(Provided records Opens)
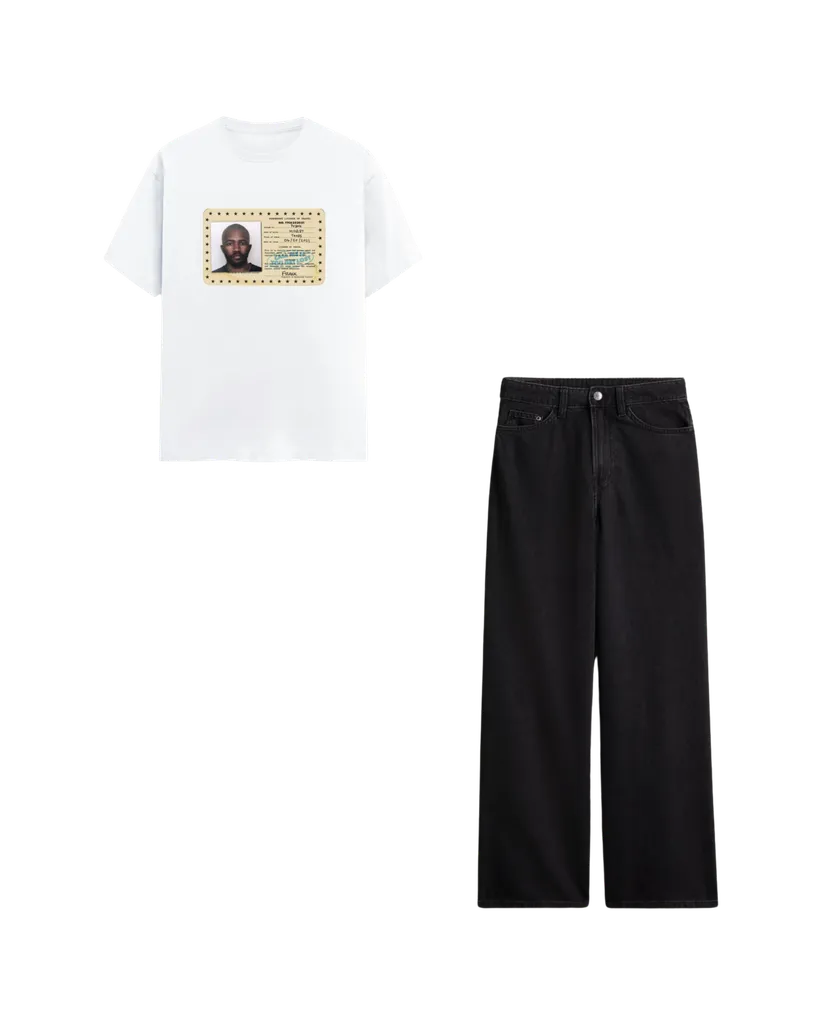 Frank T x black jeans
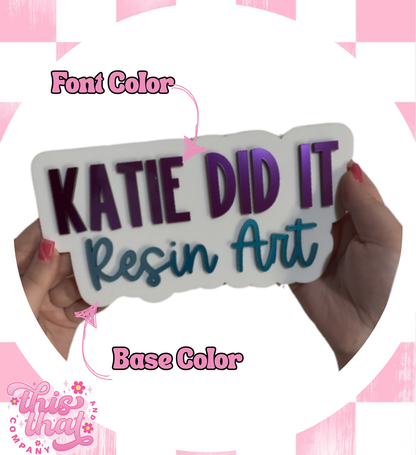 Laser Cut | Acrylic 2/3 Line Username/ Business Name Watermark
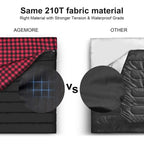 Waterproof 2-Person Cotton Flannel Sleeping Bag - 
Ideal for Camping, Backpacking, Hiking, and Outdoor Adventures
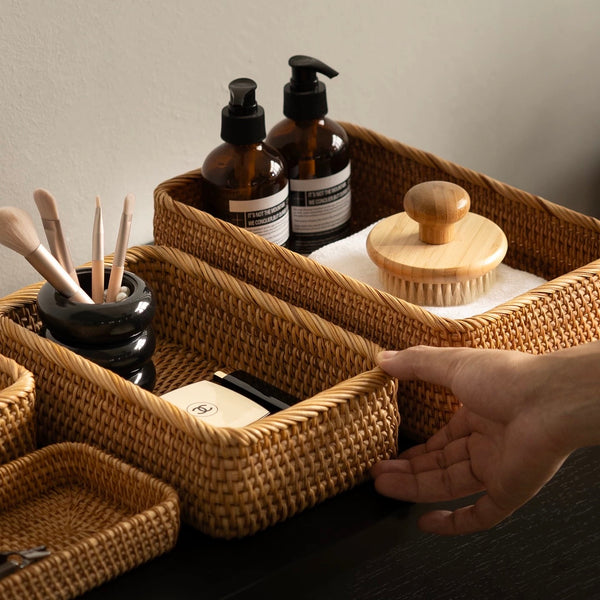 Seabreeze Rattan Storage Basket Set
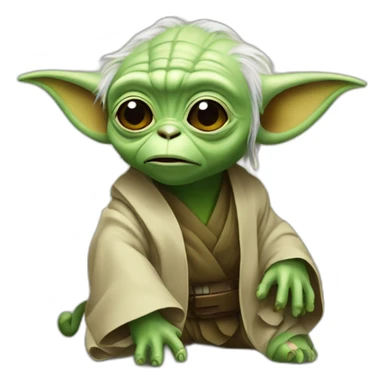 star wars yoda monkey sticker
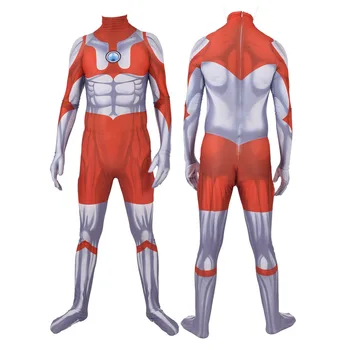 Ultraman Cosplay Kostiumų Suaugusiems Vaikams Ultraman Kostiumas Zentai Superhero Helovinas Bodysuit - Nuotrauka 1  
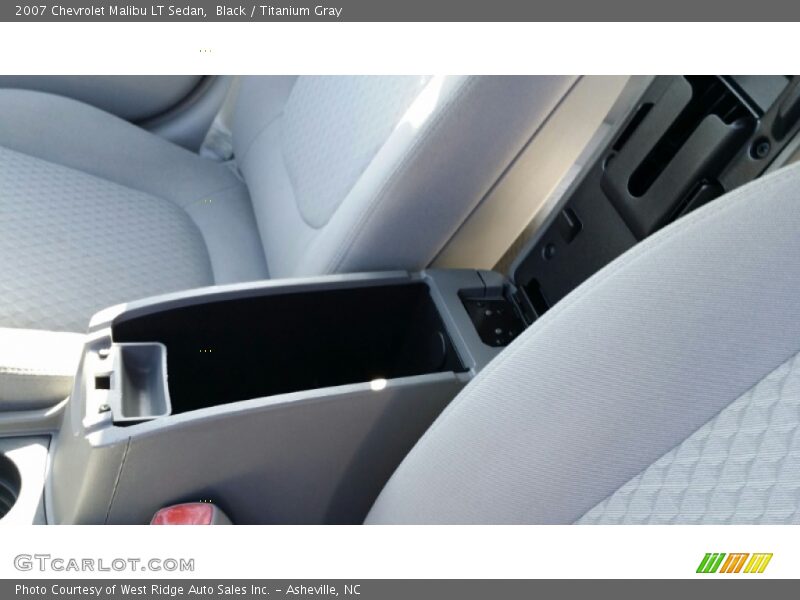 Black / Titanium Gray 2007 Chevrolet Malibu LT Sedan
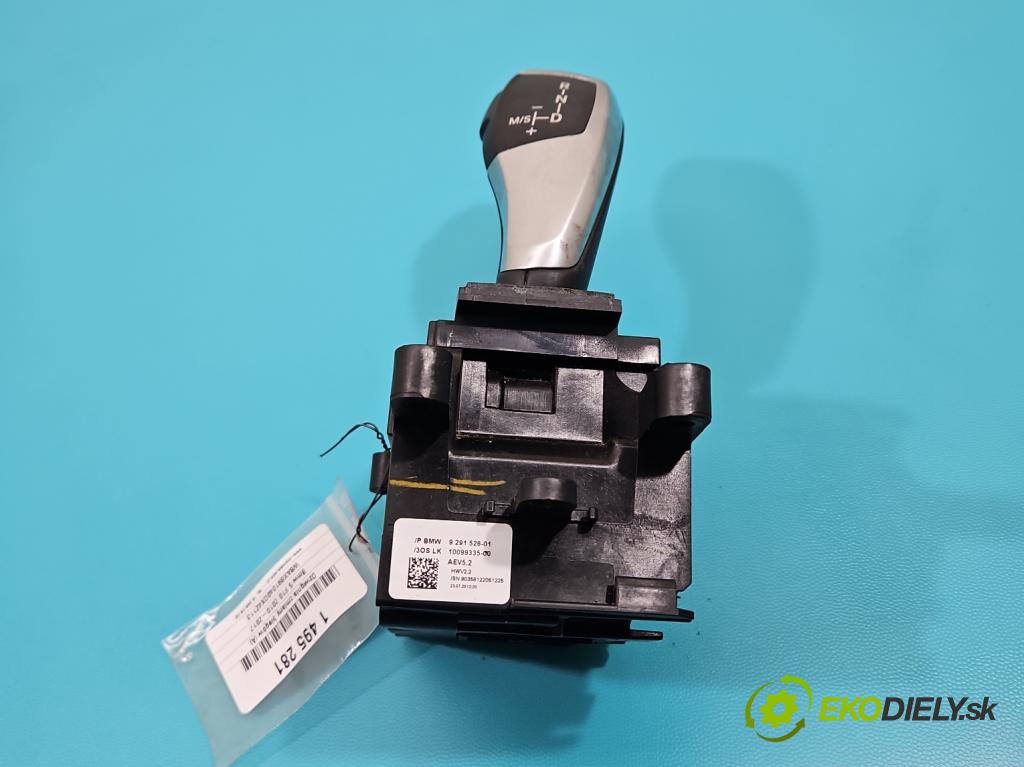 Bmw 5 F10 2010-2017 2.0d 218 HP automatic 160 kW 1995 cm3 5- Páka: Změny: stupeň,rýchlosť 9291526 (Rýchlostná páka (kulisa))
(Provided records Closes)
Without including any picture, print all of the entries above exactly.

# Exercise result:
 Frank T x black jeans
 Laser Cut | Acrylic 2/3 Line Username/ Business Name Watermark
 Waterproof 2-Person Cotton Flannel Sleeping Bag - 
Ideal for Camping, Backpacking, Hiking, and Outdoor Adventures
 Seabreeze Rattan Storage Basket Set
 star wars yoda monkey sticker
 Ultraman Cosplay Kostiumų Suaugusiems Vaikams Ultraman Kostiumas Zentai Superhero Helovinas Bodysuit - Nuotrauka 1  
 Black / Titanium Gray 2007 Chevrolet Malibu LT Sedan
 Bmw 5 F10 2010-2017 2.0d 218 HP automatic 160 kW 1995 cm3 5- Páka: Změny: stupeň,rýchlosť 9291526 (Rýchlostná páka (kulisa))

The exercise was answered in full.